Since the filter is just a SQL statement, the filter can both reduce the number of records and also apply transforms to the output on the way: reduce the number of columns, apply some data transformations, anything that is possible using the SQLite dialect of SQL.

Overwrite or Append

By default, ogr2ogr runs in “append” mode (you can force it with the -append flag, so if you run the same translation multiple times, you’ll get rows added into your table.
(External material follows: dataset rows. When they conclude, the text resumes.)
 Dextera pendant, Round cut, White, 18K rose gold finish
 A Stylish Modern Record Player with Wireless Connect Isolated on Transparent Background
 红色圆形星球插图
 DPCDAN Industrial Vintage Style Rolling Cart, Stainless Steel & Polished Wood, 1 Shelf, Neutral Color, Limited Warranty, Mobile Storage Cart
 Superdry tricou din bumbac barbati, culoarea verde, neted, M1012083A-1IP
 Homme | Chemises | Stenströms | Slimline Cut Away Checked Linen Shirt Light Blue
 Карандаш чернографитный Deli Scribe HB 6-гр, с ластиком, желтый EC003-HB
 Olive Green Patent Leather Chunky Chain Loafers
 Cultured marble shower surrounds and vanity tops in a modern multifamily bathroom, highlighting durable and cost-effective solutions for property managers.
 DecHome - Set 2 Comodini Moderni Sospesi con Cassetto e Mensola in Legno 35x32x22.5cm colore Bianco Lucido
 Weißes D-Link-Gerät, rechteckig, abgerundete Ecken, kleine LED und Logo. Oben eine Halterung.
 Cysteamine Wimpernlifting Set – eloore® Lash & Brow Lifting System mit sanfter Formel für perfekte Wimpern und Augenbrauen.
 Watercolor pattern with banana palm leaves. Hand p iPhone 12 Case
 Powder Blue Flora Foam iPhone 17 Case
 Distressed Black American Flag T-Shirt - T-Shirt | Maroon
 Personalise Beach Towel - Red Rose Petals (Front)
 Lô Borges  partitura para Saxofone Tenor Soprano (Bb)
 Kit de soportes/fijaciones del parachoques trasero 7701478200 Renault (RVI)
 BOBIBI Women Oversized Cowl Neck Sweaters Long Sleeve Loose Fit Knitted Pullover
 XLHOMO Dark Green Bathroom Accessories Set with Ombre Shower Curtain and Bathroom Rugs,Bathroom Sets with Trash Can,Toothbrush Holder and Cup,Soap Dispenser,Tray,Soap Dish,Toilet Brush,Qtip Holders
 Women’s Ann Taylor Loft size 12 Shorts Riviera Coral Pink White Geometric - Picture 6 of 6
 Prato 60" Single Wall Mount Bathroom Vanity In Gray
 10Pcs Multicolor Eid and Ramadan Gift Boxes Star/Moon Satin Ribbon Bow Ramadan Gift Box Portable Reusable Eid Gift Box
This be useful for processes that regularly take the most recent entries and copy them into CARTO.

For translations where you want to replace the existing table, use the -overwrite mode, which will drop the existing table, and create a new one in its place.

Because of some limitations in how the OGR CARTO driver handles primary keys, the OGR -update mode does not work correctly.

OGR Virtual Format

As you can see, the command-line complexity of an OGR conversions starts high. The complexity only goes up as advanced features like filtering and arbitrary SQL are added.

To contain the complexity in one location, you can use the OGR “virtual format”, VRT files, to define your data sources. This is handy for managing a library of conversions in source control. Each data source becomes it’s own VRT file, and the actual OGR commands become smaller.

CSV Type Enforcement

CSV files are convenient ways of passing data, but they are under-defined: they supply column names, but not column types. This forces CSV consumers to do type guessing based on the input data, or to coerce every input to a lowest common denominator string type.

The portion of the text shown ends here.